*** SOURCE DATA Section Begins ***
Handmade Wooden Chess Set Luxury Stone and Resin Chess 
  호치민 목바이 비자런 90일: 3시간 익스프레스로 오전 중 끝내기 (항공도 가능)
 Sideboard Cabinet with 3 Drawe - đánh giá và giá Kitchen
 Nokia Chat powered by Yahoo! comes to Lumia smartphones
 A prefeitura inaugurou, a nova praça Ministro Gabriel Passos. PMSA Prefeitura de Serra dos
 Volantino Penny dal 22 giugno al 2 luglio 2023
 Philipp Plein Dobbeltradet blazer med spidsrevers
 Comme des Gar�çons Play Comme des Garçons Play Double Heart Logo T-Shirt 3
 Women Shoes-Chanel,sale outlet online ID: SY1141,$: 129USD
*** SOURCE DATA Section Ends ***
> [WHAT THE TASK REQUIRES]:
Give again, word for word, every line of the listing above from the one with "Sideboard Cabinet with" to the one with "Comme des Gar�çons", both inclusive, and nothing beyond them.

> [RESPONSE TO THE TASK]:
 Sideboard Cabinet with 3 Drawe - đánh giá và giá Kitchen
 Nokia Chat powered by Yahoo! comes to Lumia smartphones
 A prefeitura inaugurou, a nova praça Ministro Gabriel Passos. PMSA Prefeitura de Serra dos
 Volantino Penny dal 22 giugno al 2 luglio 2023
 Philipp Plein Dobbeltradet blazer med spidsrevers
 Comme des Gar�çons Play Comme des Garçons Play Double Heart Logo T-Shirt 3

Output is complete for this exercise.